[strongSwan-dev] Fault Restart Issue with Key Sockets

Sat Jun 6 00:00:27 CEST 2015

> > With that in mind, would the fix for this problem be to handle EEXIST 
> > in add_policy_internal by replacing
>
> Yes, that should work for this particular case.  Not sure if there are situations where updating 
existing policies is unwanted (for the daemon this still looks like it added the policies, so it will eventually remove them).  Anyway, I pushed changes for the kernel-pfkey and kernel-netlink plugins to the policy-update-eexist branch [1].

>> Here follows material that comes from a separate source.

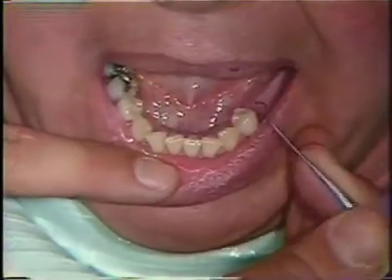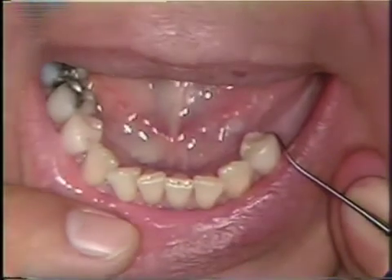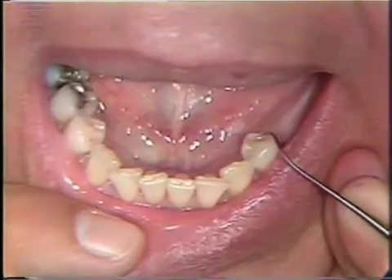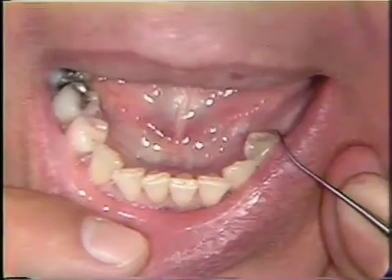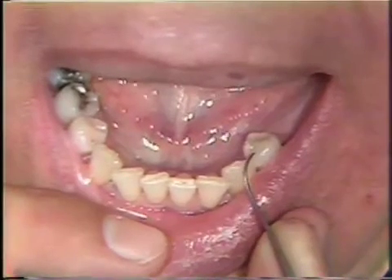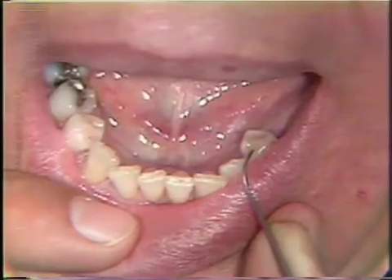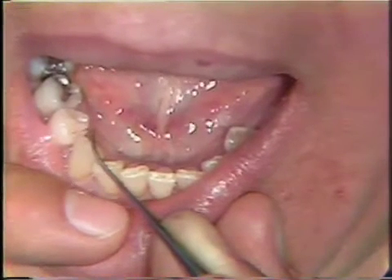The three rests are now completed. We have on the distal of the bicuspid the primary occlusal rest, which is probably the largest of the three, because it is going to dissipate the force from the partial to the tooth and we want to prevent fracture of that rest. So it is a little bit larger possibly than our indirect retainer rests. The two indirect retainer rests are on the mesial of the bicuspid on that same side and on the mesial of the bicuspid of the opposite side.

[Robinson, Herbie] This seems to be working for us; although, we have more testing to do.  We are not running with a stock FreeBSD kernel; although, the IPSec code is from FreeBSD.  I noticed that strongSwan was updating SPs on a regular basis without making any significant changes; so, I improved the FreeBSD code for updates that don't change anything.  I also fixed it so it doesn't move SPs to the end of the list when it updates them.  I eventually will offer up all of our changes for FreeBSD.  Management has approved spending time on it, but I have a lot of other chores, too :-).  This means that I don't have any easy way to test this change with a stock FreeBSD in the near term; so, I can't evaluate how risky it is.  As you said, normally, strongSwan knows when it's updating.  That would mean it would never see EEXIST unless it has been restarted and wouldn't affect any other cases.

> By the way, if auto=route is used the result might be a bit odd.  Since the previously installed SAs and policies are still there no new SAs are established until the existing SAs expire.  Soft expires will be triggered, for which the daemon does not find any state, so no rekeying is done.  And only when the SAs have finally expired will the kernel send an acquire to the daemon (this assumes that the reqids are the same as they were before the restart, which should be the case since 5.3.0).
> Also, if the other peer has lower lifetimes it will try to rekey the CHILD_SA using an IKE_SA that does not exist on the restarted peer, so after a few retransmits it will eventually trigger its configured `dpdaction`.

[Robinson, Herbie] Obviously, this isn't perfect, but it is recovery from the daemon faulting.  The alternative would be letting things grind to a halt until somebody fixes it manually.

[Robinson, Herbie] BTW, Bettina found the cause of the fault today.  Another developer had put the sha2 routines into our equivalent of libc (but without the sha384 update entry).  The callers from strongSwan were using openssl headers for defining the size of the state, but calling code from another library for some of the functions.  Madness ensues...